What is the equivalent of a 'friend' keyword in C Sharp?

xarzu picture xarzu · Jan 15, 2009 · Viewed 49.9k times · Source

What is the equivalent of a 'friend' keyword in C Sharp?

How do I use the 'internal' keyword?

I have read that 'internal' keyword is a replacement for 'friend' in C#.

I am using a DLL in my C# project that I have the source code for and yet I do not want to modify the existing code. I have inherited the class and I can use my inherited class any way I want. The problem is that most of the code in the parent class has protected methods. Will using a friend somehow make it possible to access or call these protected methods?

Answer

jason picture jason · Jan 15, 2009
  1. You can use the keyword access modifier internal to declare a type or type member as accessible to code in the same assembly only.

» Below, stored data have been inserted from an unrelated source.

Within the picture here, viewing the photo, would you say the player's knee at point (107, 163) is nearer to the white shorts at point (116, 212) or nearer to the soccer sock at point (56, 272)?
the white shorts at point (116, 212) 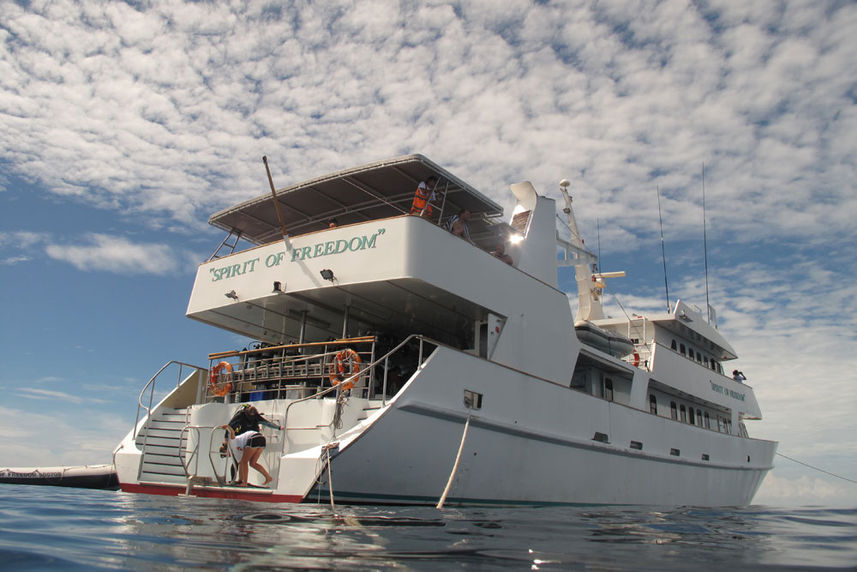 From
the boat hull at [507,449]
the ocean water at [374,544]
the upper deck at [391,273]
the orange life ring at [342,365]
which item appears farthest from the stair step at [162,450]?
the ocean water at [374,544]

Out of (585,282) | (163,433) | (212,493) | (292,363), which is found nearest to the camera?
(212,493)

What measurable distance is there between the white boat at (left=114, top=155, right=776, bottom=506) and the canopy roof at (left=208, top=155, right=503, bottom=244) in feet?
0.13

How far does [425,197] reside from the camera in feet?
33.1

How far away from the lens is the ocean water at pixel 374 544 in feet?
9.21

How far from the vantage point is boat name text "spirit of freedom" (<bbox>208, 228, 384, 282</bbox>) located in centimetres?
945

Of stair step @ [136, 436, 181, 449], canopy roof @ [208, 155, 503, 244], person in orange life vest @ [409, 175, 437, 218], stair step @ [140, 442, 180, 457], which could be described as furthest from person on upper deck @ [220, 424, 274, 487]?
canopy roof @ [208, 155, 503, 244]

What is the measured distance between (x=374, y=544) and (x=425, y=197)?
7218mm

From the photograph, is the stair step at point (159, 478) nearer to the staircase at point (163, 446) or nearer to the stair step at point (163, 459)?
the staircase at point (163, 446)

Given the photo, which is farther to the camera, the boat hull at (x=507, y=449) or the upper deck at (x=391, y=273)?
the upper deck at (x=391, y=273)

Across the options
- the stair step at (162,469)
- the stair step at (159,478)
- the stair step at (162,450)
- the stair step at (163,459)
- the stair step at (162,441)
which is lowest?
the stair step at (159,478)

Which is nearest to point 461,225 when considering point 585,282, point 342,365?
point 342,365

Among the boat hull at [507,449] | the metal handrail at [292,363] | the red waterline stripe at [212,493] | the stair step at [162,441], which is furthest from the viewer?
the stair step at [162,441]

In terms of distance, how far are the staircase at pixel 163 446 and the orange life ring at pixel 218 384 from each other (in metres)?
0.77

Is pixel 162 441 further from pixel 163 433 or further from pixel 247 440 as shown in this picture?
pixel 247 440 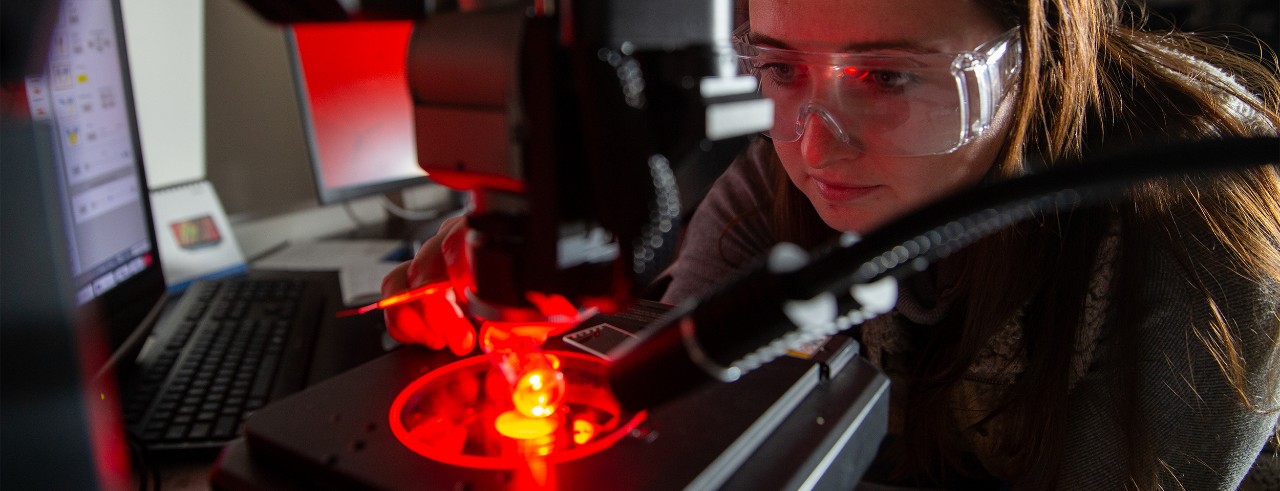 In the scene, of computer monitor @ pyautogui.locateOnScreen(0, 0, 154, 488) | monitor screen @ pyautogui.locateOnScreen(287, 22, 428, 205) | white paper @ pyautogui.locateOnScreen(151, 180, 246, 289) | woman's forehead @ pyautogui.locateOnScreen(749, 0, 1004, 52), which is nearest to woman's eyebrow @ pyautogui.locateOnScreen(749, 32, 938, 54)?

  2. You can use the InternalsVisibleToAttribute class defined in System.Rutime.CompilerServices to declare a type as accessible to code in the same assembly or a specified assembly only.

You use the first as you use any other access modifier such as private. To wit:

internal class MyClass {
    ...
}

You use the second as follows:

[assembly:InternalsVisibleTo("MyFriendAssembly", PublicKey="...")]
internal class MyVisibleClass {
    ...
}

Both of these can rightly be considered the equivalent of friend in C#.

Methods that are protected are already available to derived classes.